# TableSaw - Miter Gauge vs Panel Sled vs CC Sled



## Suzanne Queen (Jul 7, 2017)

I am looking for rules of thumb on what situations call for which solutions. 

I use a miter gauge with an extended arm for cross cutting thinner pieces. For wider pieces that doesn't work and a cross cut sled would extend too far off the front of the table. So here it seems that a panel sled (stop on leading edge) is better.

If I needed to cross cut a really wide piece I guess I would use a table on the left of the saw and hand support the trailing edge of the work as I push it along the fence.

So the questions are: which conditions are ideal for a traditional crosscut sled (when is it better than a miter gauge) and is there anything wrong (unsafe on inaccurate) with my methods above?


----------



## woodnthings (Jan 24, 2009)

*Nope, you've got it!*

The width of the material determines the best method to cross cut it. I use and extended fence on the miter gauge 90% of the time, cutting right into it since it's tall enough to permit that.
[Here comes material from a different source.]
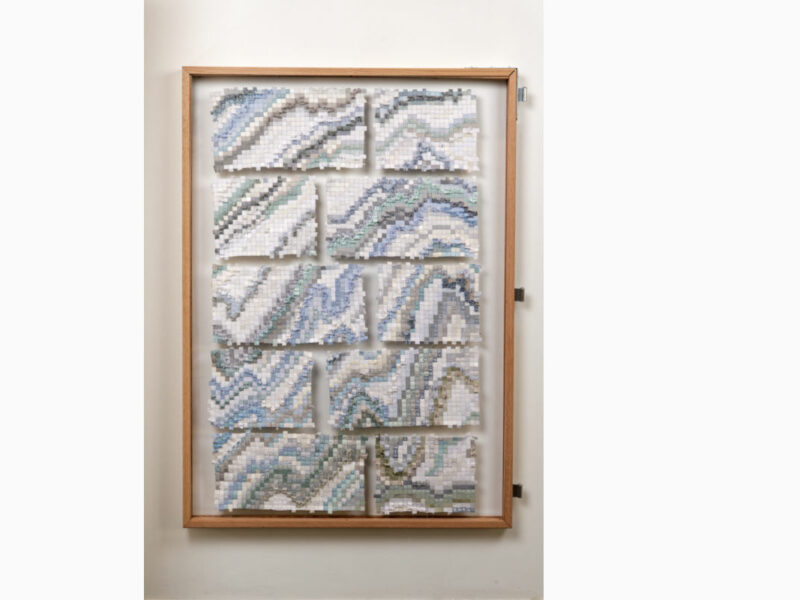 Framed wooden display with nine mosaic tile panels forming blue-gray wave patterns in white, arranged in a grid inside a light wood frame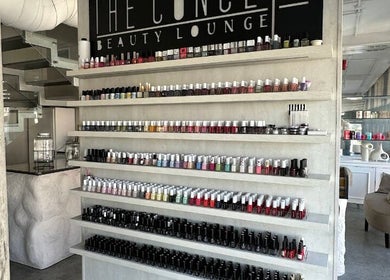 Nail polish display at The Concept Beauty Lounge, Amman, Amman Governorate, JO, showcasing vibrant choices.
I use the standard rip fence to crosscut wide pieces of plywood for panels and cabinets. My table will rip to the center of a 48" panel so there is no issue of "not enough capacity".
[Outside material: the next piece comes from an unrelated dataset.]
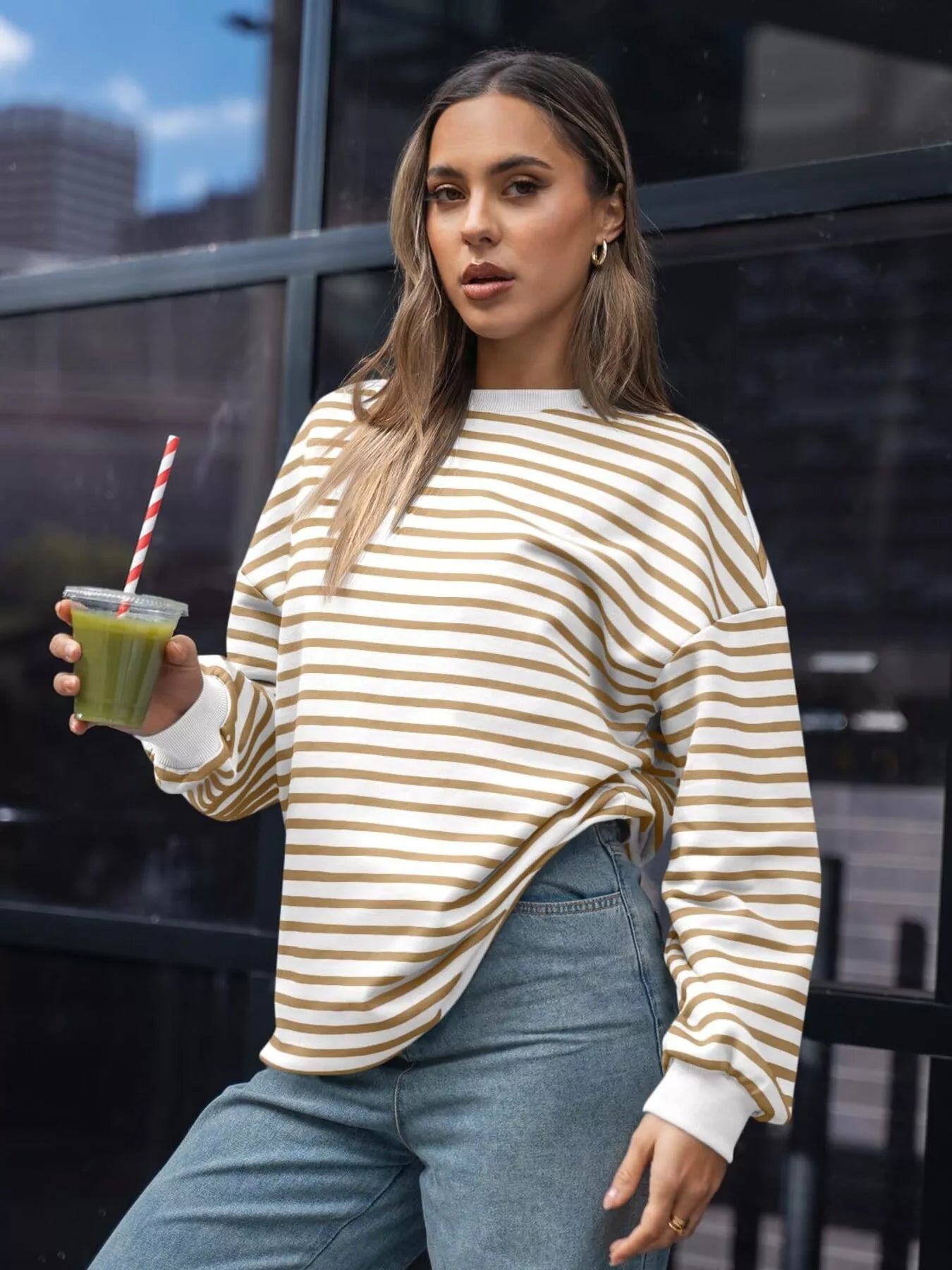 Woman in a striped sweater holding a green smoothie with a straw outdoors.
A warning on crosscutting panels! 
Use the splitter or the riving knife at all times! A kickback will occur when the rear edge of the panel comes off the fence at the rear of the blade, rotates and jumps on top of the spinning blade coming directly back at you!:surprise2:

You must have a proper out feed table to support panels and long rips. If you don't have one, build one. It's one of most important safety accessories you have add to your table saw. It will help you in NOT reaching over or behind the spinning blade to "save" a workpiece from falling to the shop floor. :surprise2:

I made a beautiful cross cut sled with adjustable angles on either side of the blade as well as a front fence and I've yet to use it. Pprobably because I haven't had the need. 
Here's the build thread:
http://www.woodworkingtalk.com/f27/table-saw-sled-build-49218/


----------



## Suzanne Queen (Jul 7, 2017)

Thanks! I have the original MJ Splitter on the saw now but I wish it did have a proper riving knife. I will search other posts to see if it make sense to upgrade to the newer dual splitter from MJ.


----------



## Suzanne Queen (Jul 7, 2017)

woodnthings said:


> Use the splitter or the riving knife at all times!
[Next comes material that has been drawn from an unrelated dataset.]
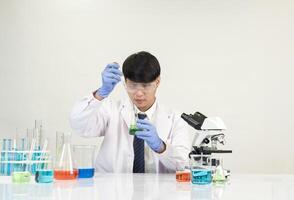 Man asian student education learning scientist wearing doctor gown in lab looking hand at chemist. caused by mixing reagents in scientific research laboratories with test tubes and microscope on table photo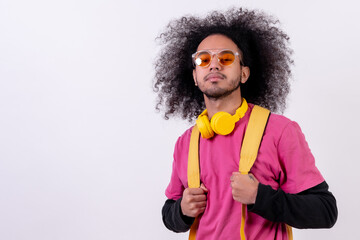 Portrait with pink t-shirt and backpack for the university. Young man with afro hair on white background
This got me thinking and wondering if my MJ splitter is any less safe than the splitter that was part of the blade-guard assembly that was once part of this unit. 

I looked around that "auction site" and it looks like that complete assembly can be had for $50+ and plenty more for shipping. Not a good deal unless it is very much safer than the MJ splitter. I do realize that the splitter that came with the machine tilted with the blade, so that is one plus for the original equipment.


----------



## woodnthings (Jan 24, 2009)

*The auction site is great!*

Ebay is not a bad word in my vocabulary. I've had great luck in buying stuff there from old hand planes to electric sanders, to truck parts.
This is what you probably had on your saw:









It has a blade guard and splitter combined. I didn't like the blade guard, so I drilled out the rivets, removed the antikick back pawls and plastic guard leaving only the splitter. I then attached my own wood blade guard which I can pivot at any angle over the blade. See it in the photo I posted above.

The splitter does not allow you to make partial depth cut because it's in the way. Taking it on and off can be a PITA to get it aligned parallel to the blade again, BUT it's worth it , in my opinion. It will absolutely prevent the rotational type of kickback where the work comes away from the fence at the rear and jumps over on top of the blade! It can't move away from the fence because the splitter retains it. Simple. 

Of course, it also functions as a splitter to keep the kerf open when the wood reacts to internal stresses and closes on the rear of the blade, either jamming it or propelling it up and over back at you.
I didn't have my splitters on for years and then realized how and why they were necessary. Now they do not come off. I have a newer saw where the riving knife snaps in and out quickly, so when I need to make a partial cut I use that saw.

Go for it. :thumbsup:


----------



## ducbsa (Jul 6, 2014)

Can you post a pic of your own wood blade guard?


----------



## woodnthings (Jan 24, 2009)

*Check the photo above*



ducbsa said:


> Can you post a pic of your own wood blade guard?


It's in the photo I posted above.


----------



## ducbsa (Jul 6, 2014)

Thanks, but when I try to enlarge it to see details it is blurry.


----------



## woodnthings (Jan 24, 2009)

*how it's made ...*

It's made of 3 pieces, and some washers and a bolt. The red side pieces are just 1/4" plywood, the center is either 1/4" or 3/16" maybe 1/8"... can't recall. They are a snug fit on the splitter and they can be tightened using the bolt and washer for a "friction" fit.

You are limited to the max cut thickness by the space remaining under the side pieces, but for me that's enough, about 2 1/2" or so. It's more of a reminder to keep your hands away than a protective device. It also deflects a good amount of sawdust off the spinning blade. It is always used with a zero clearance throat plate, another valuable safety accessory to keep narrow strips from sliding into the gap between the blade and the plate and the tendency to retrieve them while the blade is spinning. :surprise2:


----------



## Pirate (Jul 23, 2009)

There are always different ways to make a cut.
I have a Incra mitergauge, as well as a few others. The other day, I realized, it has been in a cabinet for months. I do 90% + cross cuts ( up to about 20" ) on my ras.
small pieces I cut on a small sled on the ts.


----------